**Your goal**
Copy, exactly and without additions, every line in the records below from the one holding "Dsquared2 Botas con logo estampado" through the one holding "Ventola Cooling HP", both ends included.

**Data in this exercise**

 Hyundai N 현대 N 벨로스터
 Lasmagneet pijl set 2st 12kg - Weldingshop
* * *
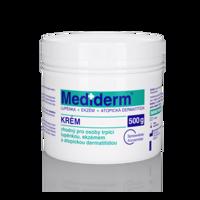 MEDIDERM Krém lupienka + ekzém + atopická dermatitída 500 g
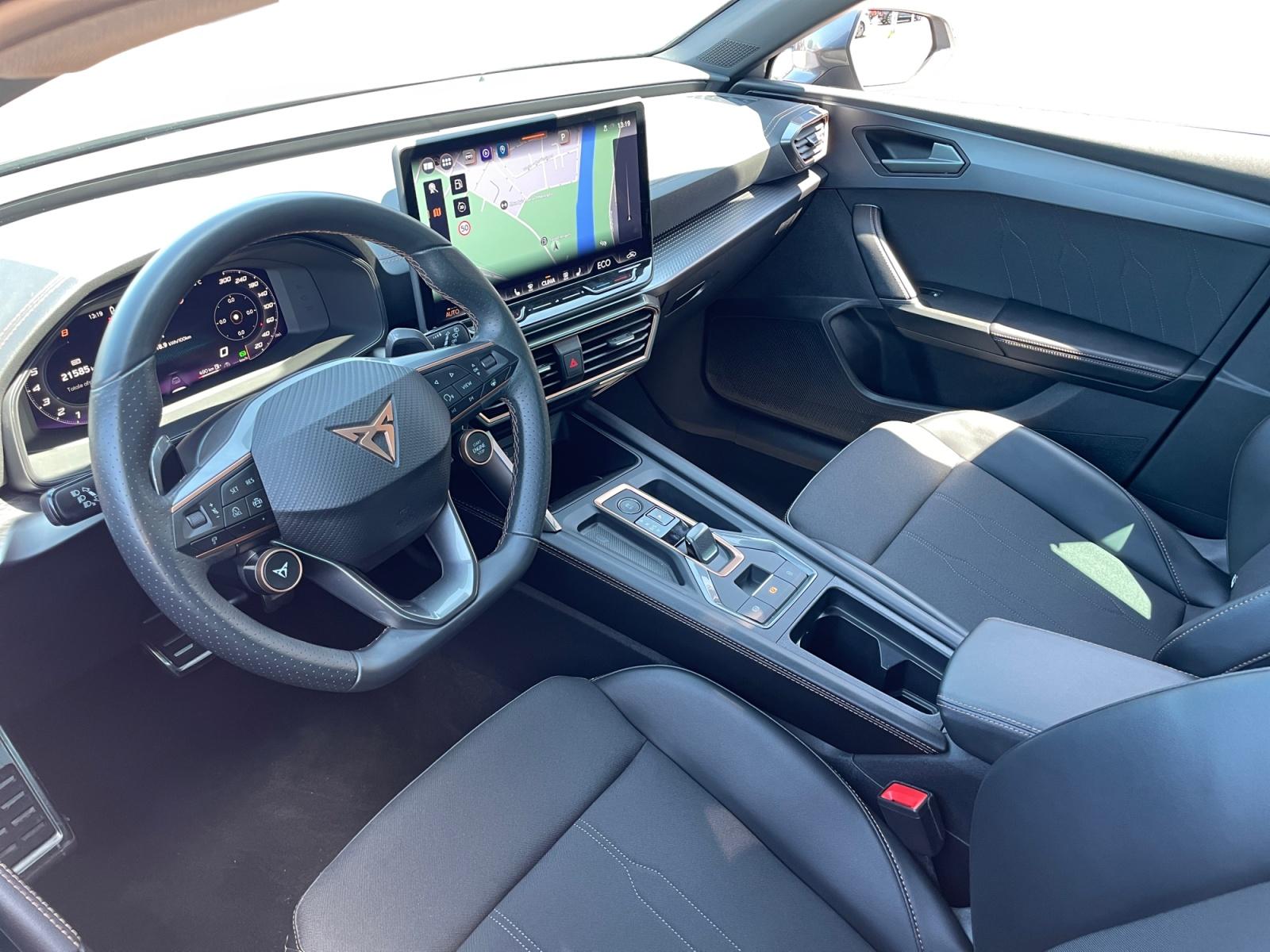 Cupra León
* * *
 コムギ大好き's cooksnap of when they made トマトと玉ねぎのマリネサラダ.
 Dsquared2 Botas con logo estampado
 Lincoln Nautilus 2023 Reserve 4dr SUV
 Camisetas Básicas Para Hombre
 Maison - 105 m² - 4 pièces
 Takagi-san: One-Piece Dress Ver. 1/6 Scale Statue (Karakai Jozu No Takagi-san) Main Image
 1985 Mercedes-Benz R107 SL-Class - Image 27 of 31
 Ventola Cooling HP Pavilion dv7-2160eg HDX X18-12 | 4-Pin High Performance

**Problem solution**
 Dsquared2 Botas con logo estampado
 Lincoln Nautilus 2023 Reserve 4dr SUV
 Camisetas Básicas Para Hombre
 Maison - 105 m² - 4 pièces
 Takagi-san: One-Piece Dress Ver. 1/6 Scale Statue (Karakai Jozu No Takagi-san) Main Image
 1985 Mercedes-Benz R107 SL-Class - Image 27 of 31
 Ventola Cooling HP Pavilion dv7-2160eg HDX X18-12 | 4-Pin High Performance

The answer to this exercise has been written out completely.